***** Exercise data

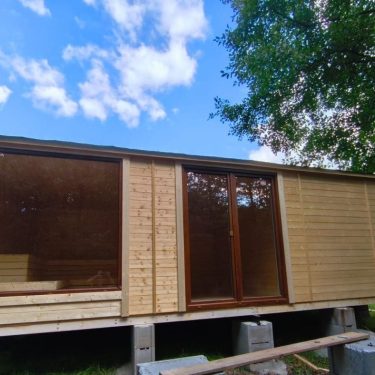 Velká sauna o rozměru 3,5 x 6 m Velká sauna o rozměru 3,5 x 6 m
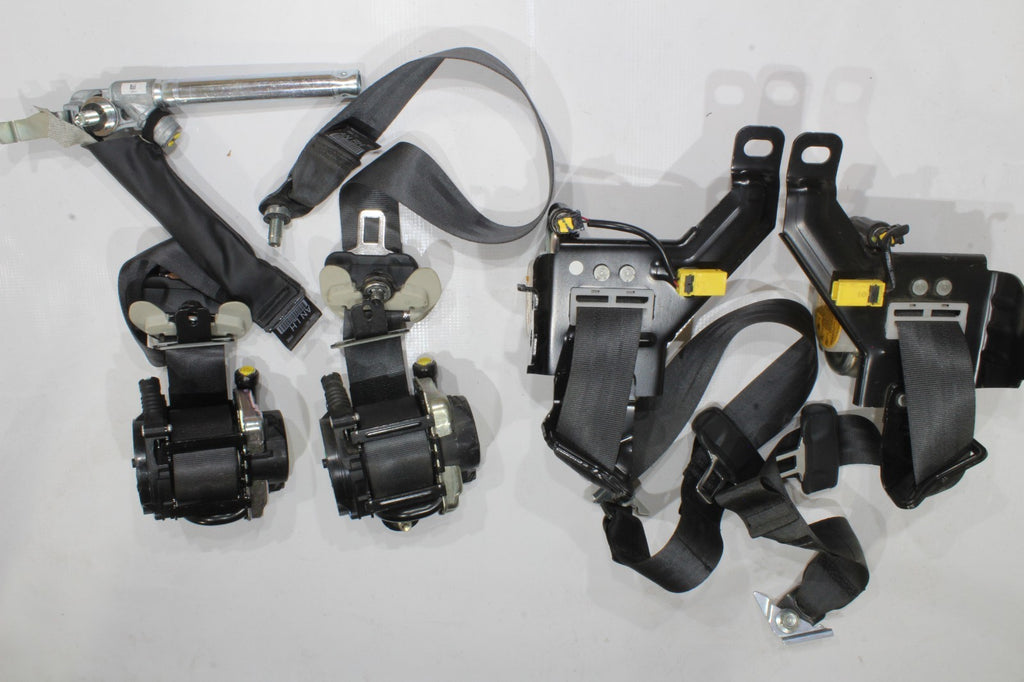 20 2021 2022 2023 2024 SUBARU LEGACY FRONT AND REAR SEATBELT SET - BLACK OEM0
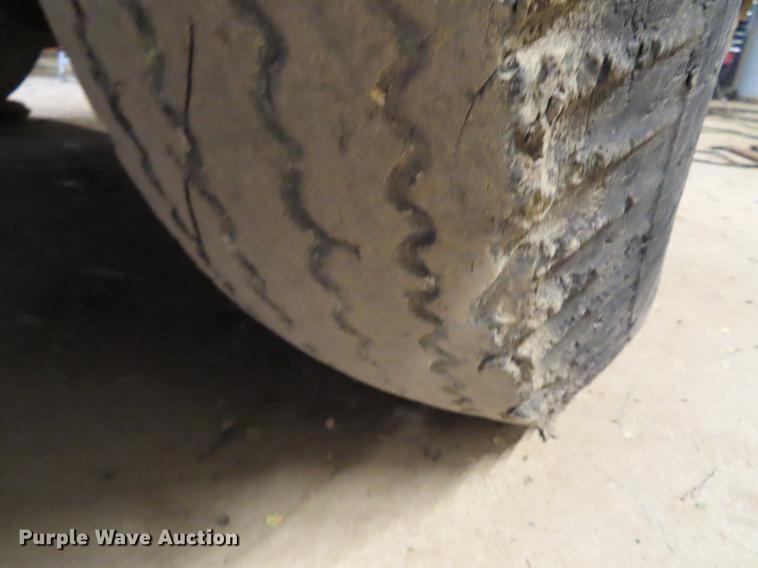 image for item DE3489 Drott 85 crane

**********

### Prompt
Repeat the material above word for word and skip every image in it.

### Response box
 Velká sauna o rozměru 3,5 x 6 m Velká sauna o rozměru 3,5 x 6 m
 20 2021 2022 2023 2024 SUBARU LEGACY FRONT AND REAR SEATBELT SET - BLACK OEM0
 image for item DE3489 Drott 85 crane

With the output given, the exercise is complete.